# Work to be completed
All entries are to be transcribed exactly. Pictures are not part of the copy.

# Data for processing
--------------------
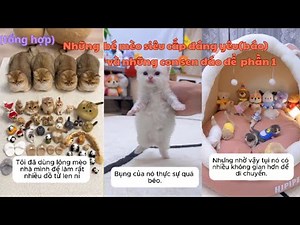 Super cute kittens and awesome owners | love life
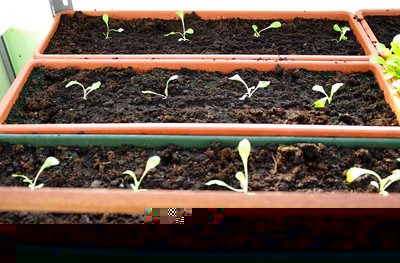 Insalata trapiantata.jpg (65.48 KiB) Osservato 1014 volte Insalata trapiantata.jpg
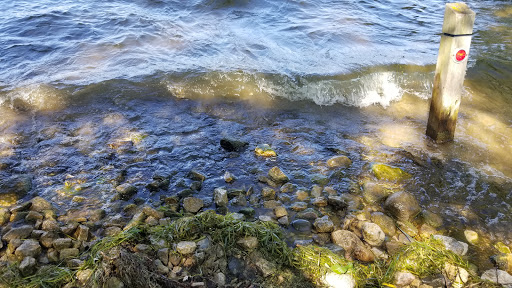North Buchanan Beach - Thumbnail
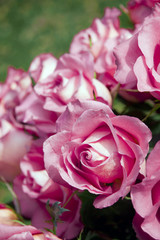 Roses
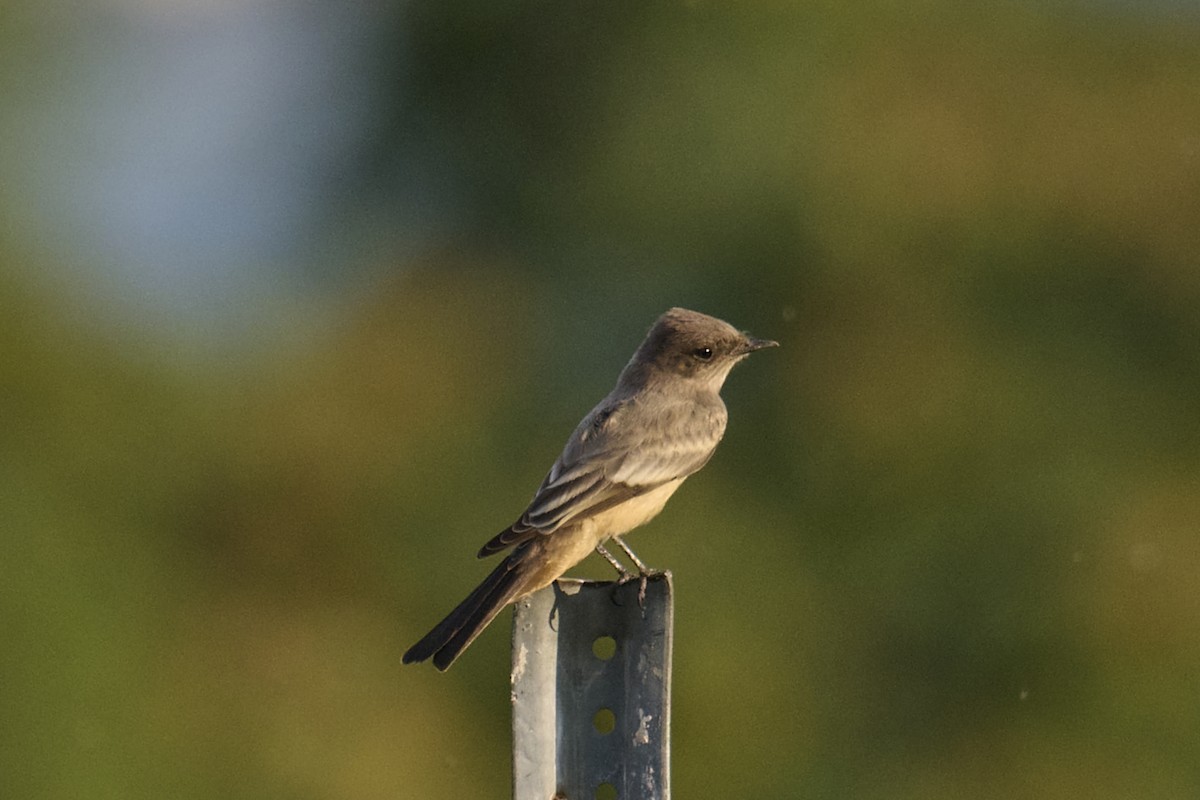 Say's Phoebe - ML608843107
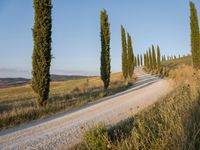 Dawn on a Gravel Road in Tuscany, Italy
--------------------
# Problem solution
 Super cute kittens and awesome owners | love life
 Insalata trapiantata.jpg (65.48 KiB) Osservato 1014 volte Insalata trapiantata.jpg
North Buchanan Beach - Thumbnail
 Roses
 Say's Phoebe - ML608843107
 Dawn on a Gravel Road in Tuscany, Italy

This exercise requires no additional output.